После сего позвали его к государю. Выходя из кабинета его величества, генерал Кутузов сказал мне:
– Дело решено – я назначен главнокомандующим обеих армий, но, затворяя уже дверь кабинета, я вспомнил, что у меня ни полушки нет денег на дорогу; я воротился и сказал: «Государь, у меня нет денег ни копейки». Государь пожаловал мне 10 000 рублей.
Простясь со мной, генерал Кутузов уехал, и мне более не случалось уже с ним никогда видеться.

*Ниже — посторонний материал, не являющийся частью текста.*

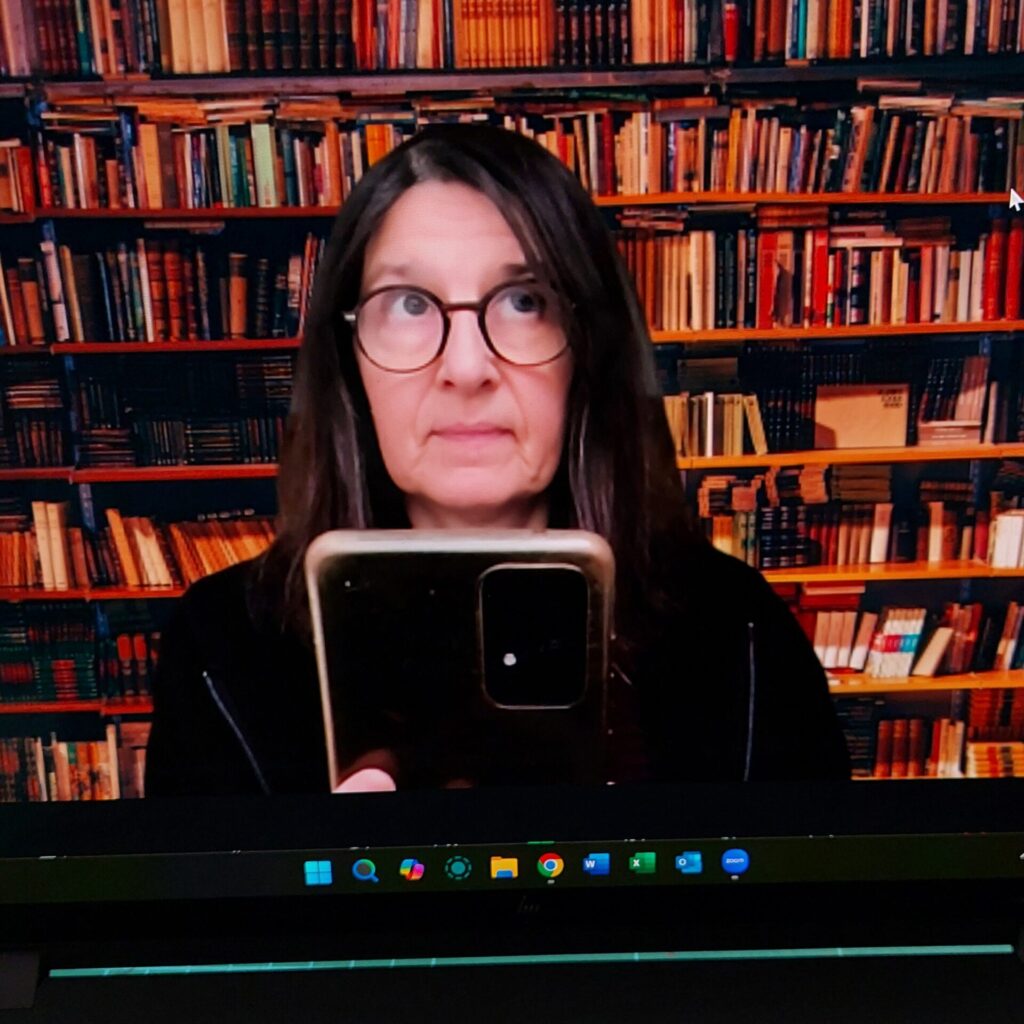 Selfie vom Bildschirm vor einem Zoom-Termin, mit virtueller Bücherwand im Hintergrund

Курьер с известием о Бородинской баталии приехал поутру в день св. Александра Невского; сначала казалось, что сей день был двойным торжеством для России – и по тезоименитству обожаемого императора, и по одержанию над неприятелем знаменитой победы. Впоследствии же, как известно, сия баталия не представляла тех выгод, каковых от нее ожидали. Положено было учредить для скорейшего образования рекрут пехотные и кавалерийские резервы. Первые поручены были генералу от инфантерии князю Лобанову-Ростовскому, а вторые генералу от кавалерии Кологривому. Государь изволил призвать меня однажды к себе в кабинет и, объясняя всю важность учреждения сих резервов и что от них зависеть должен впредь весь успех действующих армий, сказать мне изволил:
– Я хочу возложить на тебя весьма важное поручение. Я имею донесение, что некоторые поветы Волынской губернии заняты уже неприятелем; ты знаешь, как расположены к нам поляки! Хотя и обнародован указ, чтобы с тех губерний, которые не дают ополчений, взимать рекрут, и в том указе сказано также, чтобы помещикам Подольской и Волынской губерний, вместо рекрут, предоставить на волю ставить лошадей, но я не надеюсь, чтобы местным начальством сие было исполнено. Тебе известно, что сии две губернии изобилуют лошадьми, и чтобы оными не воспользовался неприятель, то я посылаю тебя с повелением собрать с тех губерний, вместо рекрут, по сделанному расчету до 20 000 лошадей, которых и отправлять в кавалерийские резервы к Кологривому; ибо и мы, и неприятель более имеем нужды в лошадях, нежели в людях. Ты бывал в тех местах, и дух жителей тебе известен. У тебя, во внутренней страже, вероятно, много есть штаб-офицеров, служивших прежде в кавалерии; возьми их к себе, сколько хочешь. Из сего ты видишь, что я никого другого, кроме тебя, не могу употребить в сем государственном деле, а в успехах я не сомневаюсь. Поди к графу Аракчееву; ты получишь от него все нужные бумаги. Пиши обо всем прямо ко мне.